There is a clandestine attempt by some elements in the government, together with some ruling National Democratic Congress (NDC) leading members, to stop the vigil to be spearheaded by some celebrities to protest the current worsening power crisis (known as dumsor).
While the Ga Traditional Council is trying to use the police to stop the well-publicised vigil on Saturday, May 16, Total Petroleum Ghana Limited, which owns On The Run fuel station at Legon – where popular actress Yvonne Nelson and her colleagues intend to converge for the demonstration – has said it would not allow them to use its space for the peaceful exercise.
The University of Ghana, which premises the celebrities had decided to use as a converging ground for the vigil, had also said it would not allow them do that.
President John Mahama’s comment last week on the growing criticism by the celebrities of his government’s inability to handle the protracted electricity crisis appears to have set the tone for others to mount pressure directly or indirectly on Yvonne Nelson and her colleagues to stop the planned demonstration in its entirety.
The president wrote on Twitter, a social media platform: ‘The division in our politics is bad enough. Let it not spread to our creative industry. Let’s cease the polemics,’ – a comment which his critics claim was a subtle way of asking the celebrities who are in the music and film making industries not to hit the streets.

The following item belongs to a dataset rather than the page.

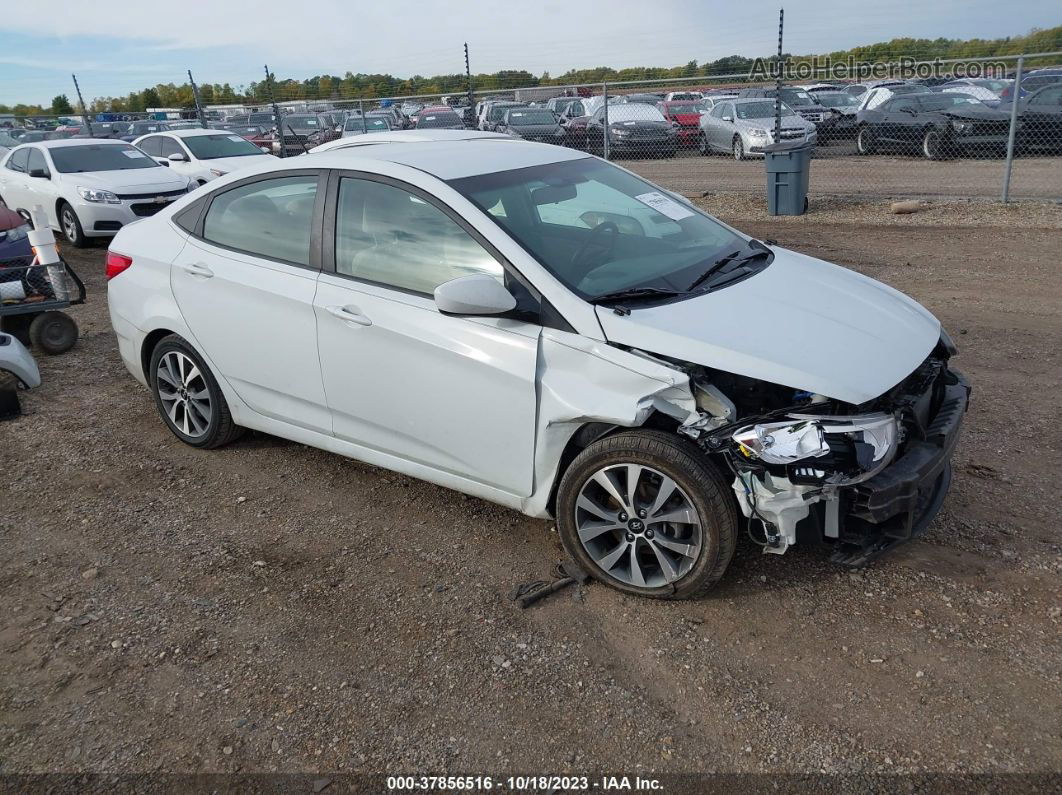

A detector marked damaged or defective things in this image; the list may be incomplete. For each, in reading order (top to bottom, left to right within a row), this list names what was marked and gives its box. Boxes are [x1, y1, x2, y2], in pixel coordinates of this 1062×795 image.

damaged white car [107, 133, 972, 598]
car front end damage [649, 333, 968, 564]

The Ga Traditional Council’s ‘excuse’ is that there is currently a ban on noisemaking and therefore the vigil is going to breach the traditional observance.
A former NDC MP and failed Greater Accra Regional chairman aspirant, Jonathan Nii Tackie Kommey, is spearheading the traditional council’s request as their spokesperson.
He told Joy FM that the council was not going to entertain any activity that would disturb the peace associated with the period of the ban on noise-making – a caution which could compel the police to stop the vigil to avoid any clash.
The former MP said the essence of the ban was to ‘enable them [Ga people] confer with their Maker’ and feared the dumsor vigil ‘will not be in conformity with the ban’, even though organisers of the vigil insisted that there would be no need for noise-making as the protest is a simple and peaceful march with candle lights, lanterns and bobo, depicting the dumsor situation which has made life unbearable.
Contrary to the claim by the Ga Traditional Council, some traditional elements say the University of Ghana is under the jurisdiction of the La Traditional Council and not Ga Mashie (Ga Traditional Council) and that their (La people’s) ban on noise-making had not yet come into force.
‘It is interesting how Ga Mashie would want the police to stop the vigil which is taking place in another council’s jurisdiction,’ one traditional ruler (name withheld) underscored.
Kofi Bentil’s Reaction
Kofi Bentil, who is one of the lawyers of the organisers, wrote on his Facebook wall: ‘Our government people are spending lots of energy trying to stop a simple lawful vigil of concerned citizens, instead of stopping the terrible energy crisis and dumsor which is killing our people.’
However, Editor of Business Finder, Toma Imihere, said the government and its supporters are attempting to divert attention away from the power crisis by labelling the celebrities leading the dumsor campaign as members of the New Patriotic Party (NPP).
He indicated that it was no surprise when some supporters of the NDC accused the celebrities of working for the largest opposition party since the members of the pressure group, OccupyGhana, suffered the same fate.
‘Yes, they will be tagged but just like in the case of OccupyGhana, we all know that when government is on the defensive, they will definitely try to turn the issue away from the substance,’ he said.
‘In this case, government and the supporters are simply trying to divert attention from the substance and defend themselves by claiming that there is a political agenda,’ he added.
Speaking on Citi FM’s, The Big Issue, Toma Imihere said the celebrities ‘have every right as a professional grouping to register their complaints. Their argument is that it is affecting their profession and if they are coming from that angle, I think they have every right to do it.’
The President of IMANI Ghana, Franklin Cudjoe, pointed out that the celebrities and Ghanaians are quite angry at the government because of the way the political class come to the table with some explanations, sometimes with even ‘outright insults, which is wrong because there must be an admission and this is why I think the issues of policy coherence must come into play.
‘I’m happy President Mahama has stopped giving timelines but we also need to be clear that when you are going to make statements on a very difficult crisis, you’ve got to be sure about what you are really saying.’
The IMANI boss argued that the complaints of the group must be heard because ‘it’s a different crop of voices which I think ought to be heard.’
The vigil which is part of the #DumsorMustStop campaign is being organised by award-winning movie actress Yvonne Nelson and colleagues such as Sarkodie, Lydia Forson, Ama K. Abebrese, DKB, Van Vicker, EL, Kwaw Kese, Efya, D-Black, Confident Haugen, Nicky Sammona and many others.
A lot of Ghanaians have also signed up to join the vigil.